Wilkie shut up, crestfallen. Ardmore thought it over. "And yet we've got to take chances. You rig your rig, Bob -- then plan on hedgehopping all the way. We'll do it about three or four o'clock in the morning and there's a chance that you won't be noticed at all. Use your rig if you have to but if you do then everyone is to return to base. The incident must not be connected with the priests of Mota, even in the matter of timing. The same applies after Wilkie sets you down, Jeff. If by any chance you are surprised, use the Ledbetter effect to kill off all the enemy anywhere close to you -- then go underground. Jungle up. Under no circumstances is any PanAsian to be permitted to suspect that the priests of Mota are anything but what they seem. Kill off your witnesses and escape."

"Right, boss."

The little scout car hovered over Lookout Mountain a few feet away from Buffalo Bill's grave. The door opened and a robed priest dropped to the ground, stumbling because of the heavy money belt slung from his shoulders and waist. A similar figure followed him and landed a bit more surefootedly. "You all right, Jeff"

"Sure."

Wilkie left the car on automatic long enough to lean out and say, "Good luck!"

"Thanks.
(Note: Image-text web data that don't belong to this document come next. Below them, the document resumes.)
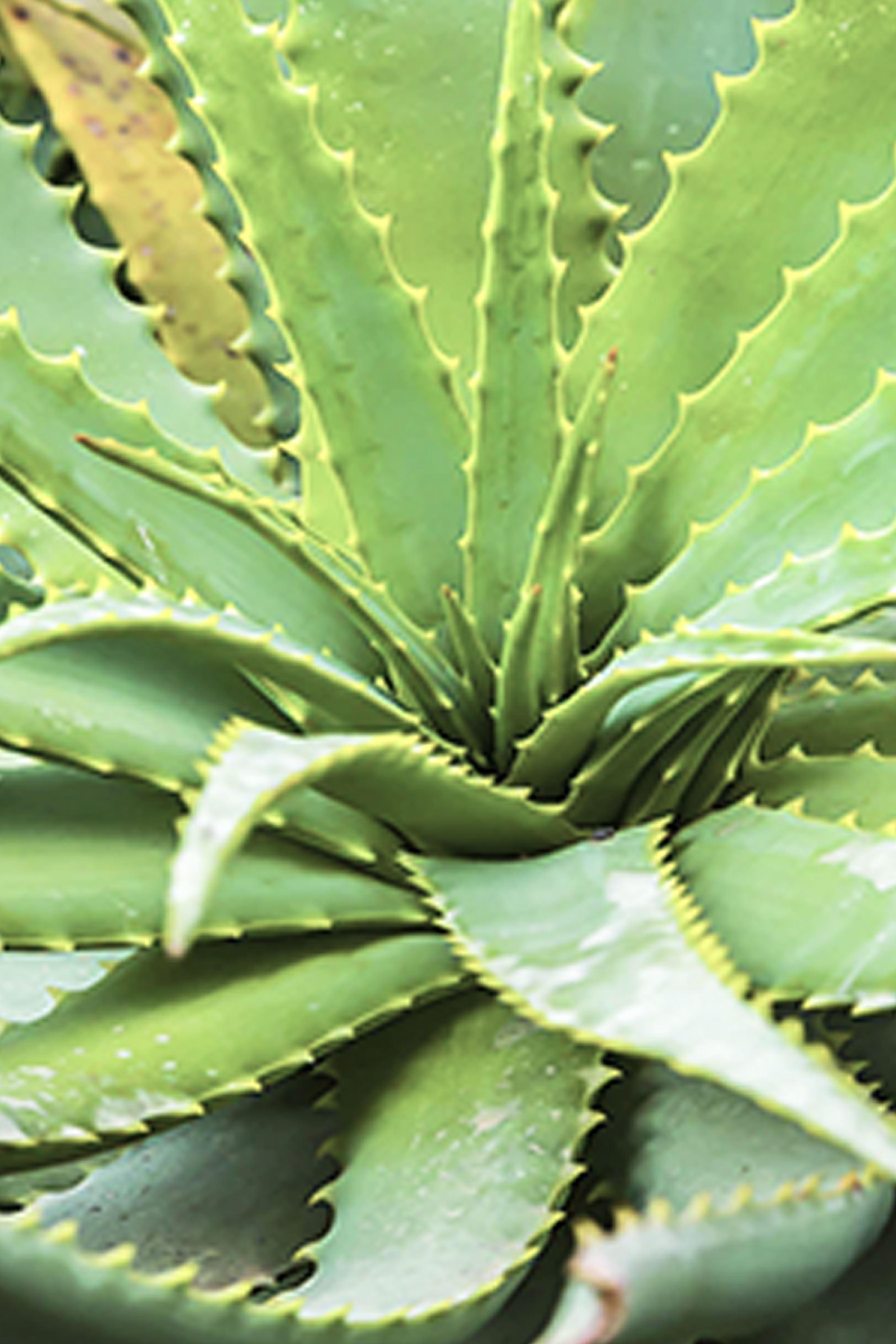 Aloe Vera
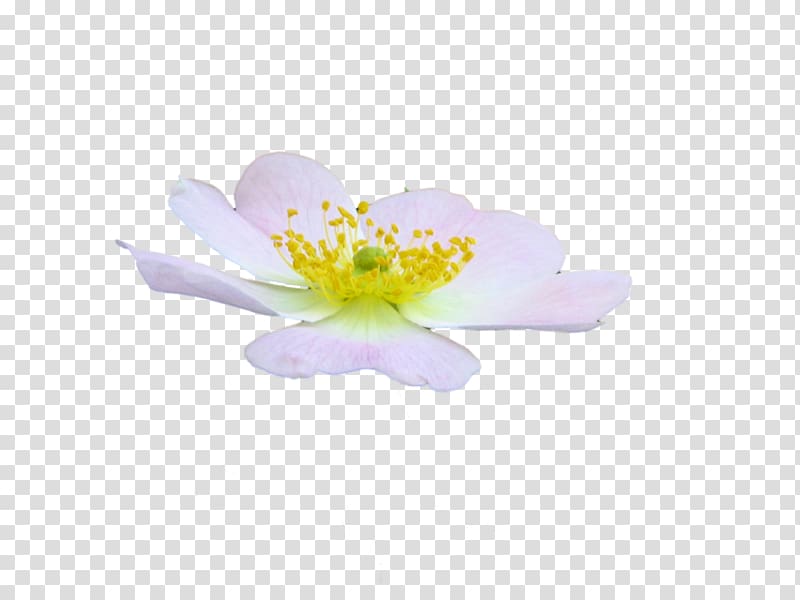 Flower Petal , dreams transparent background PNG clipart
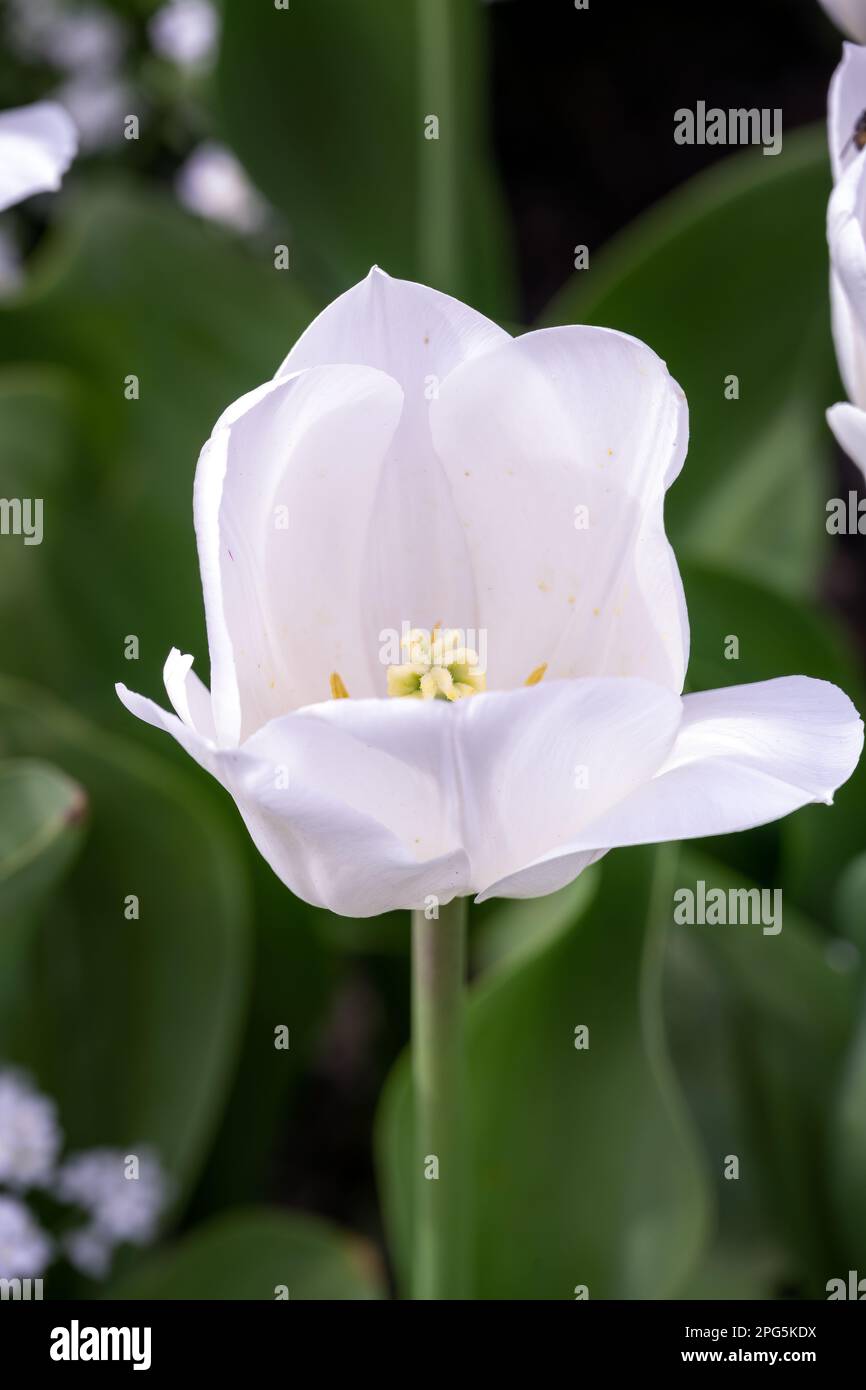 Schöner Tulipa Weißer Traum im Frühling, aus nächster Nähe Stockfoto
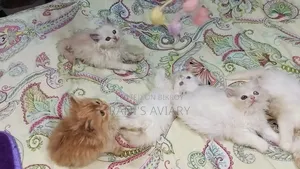 0-1 Month Female Mixed Breed Persian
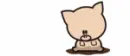 piggy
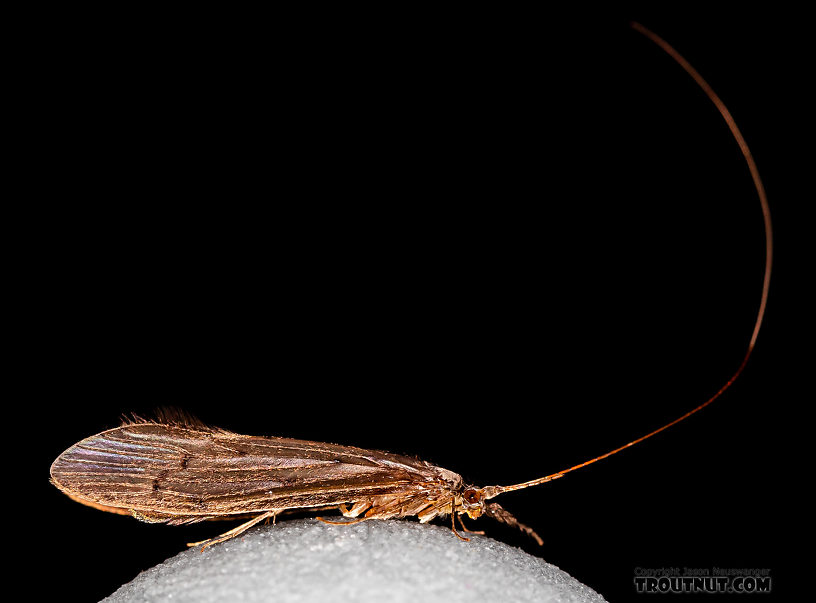 Male Leptoceridae Caddisfly Adult from the Madison River in Montana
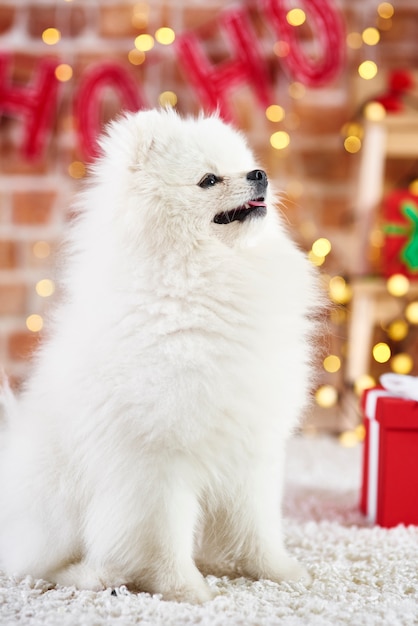 Side view of cute puppy looking up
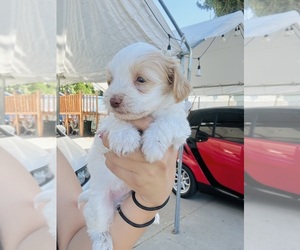 Maltipoo Puppy for sale in SAN BERNARDINO, CA, USA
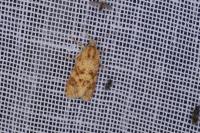 Aethes williana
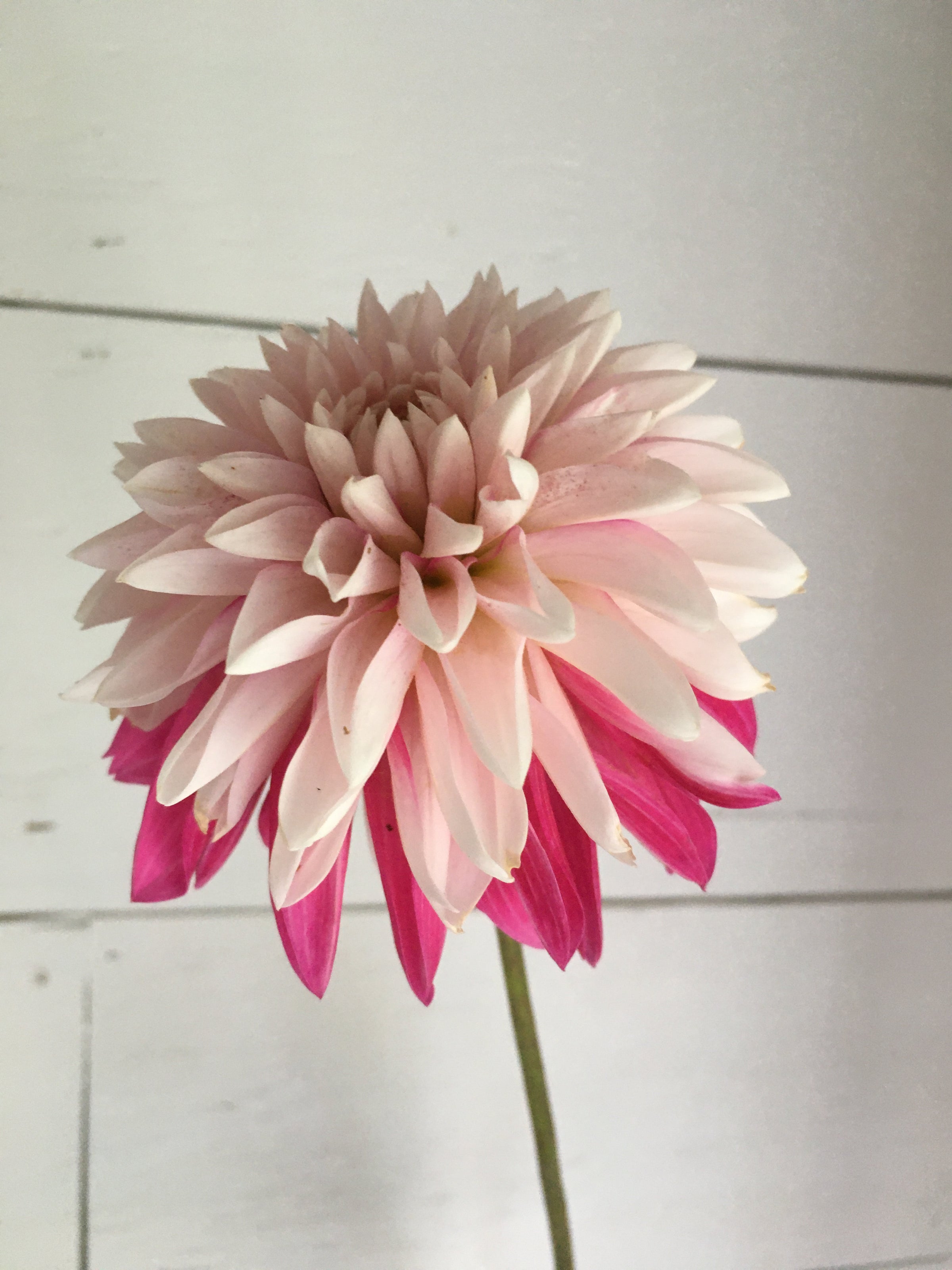 Blush Dahlia Bouquet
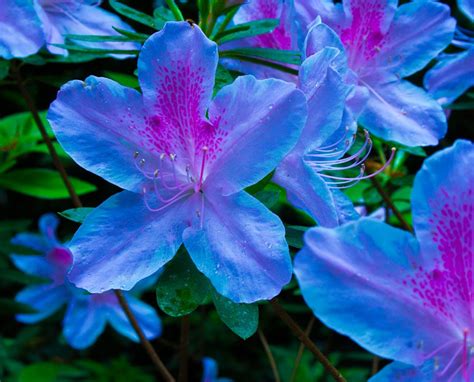 Blue Azalea | Fiore estetico, Piante, Coltivare i fiori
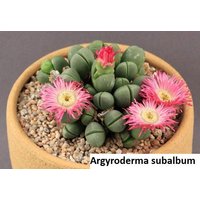 Argyroderma Subalbum/20 Samen Pro Packung von UnusualSeeds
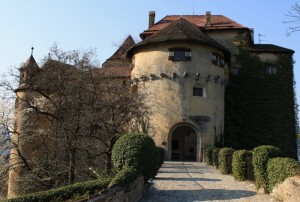 Un amore di castello!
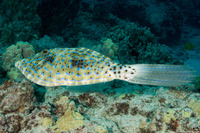 Aluterus scriptus (Scrawled Filefish)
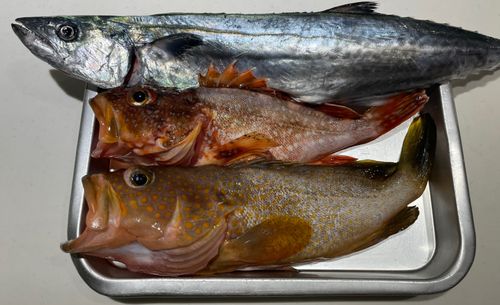 キジハタの釣果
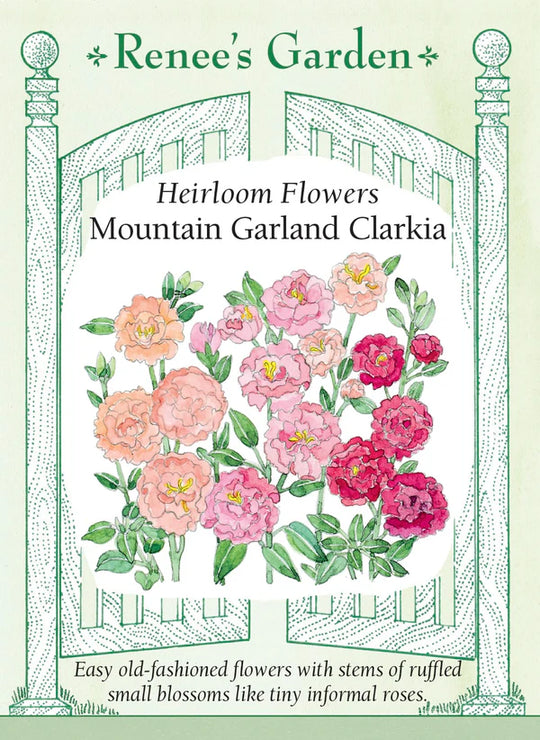 Clarkia Mountain Garland - Renee's Garden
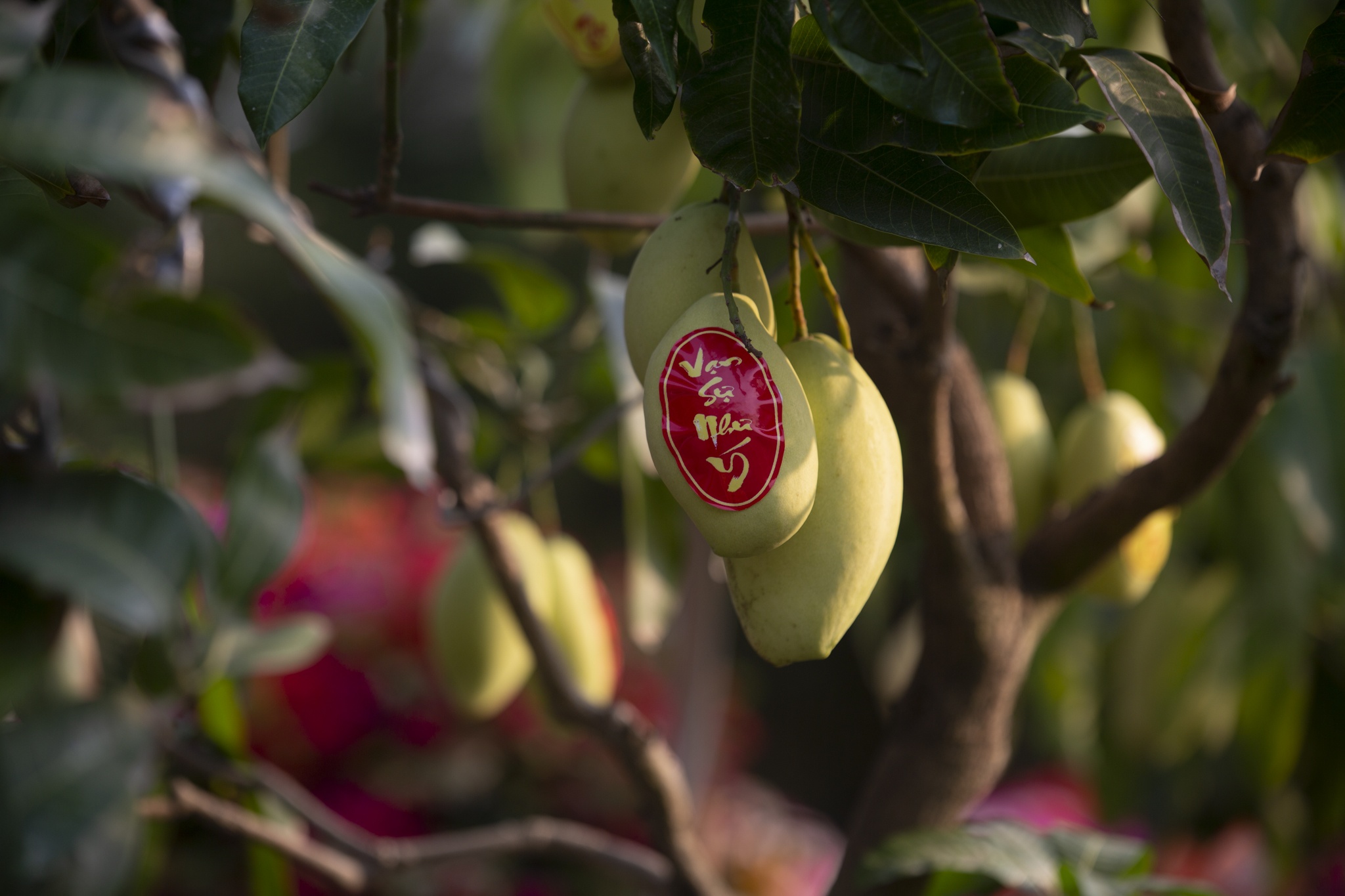 hoa mai,  dao tien vua,  Tet anh 6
But shut up and get going."

"Okay." The door closed and the car disappeared into the night.

It was growing light by the time Thomas and Howe reached the foot of the mountain and started into Denver. So far as they knew they had not been detected although once they had crouched in bushes for several minutes, afraid to breathe, while a patrol passed. Jeff had kept his staff ready, a thumb resting lightly on a golden leaf in the decorations below the cube of Mota. But the patrol passed on, unaware of the curbed lightnings trained on them.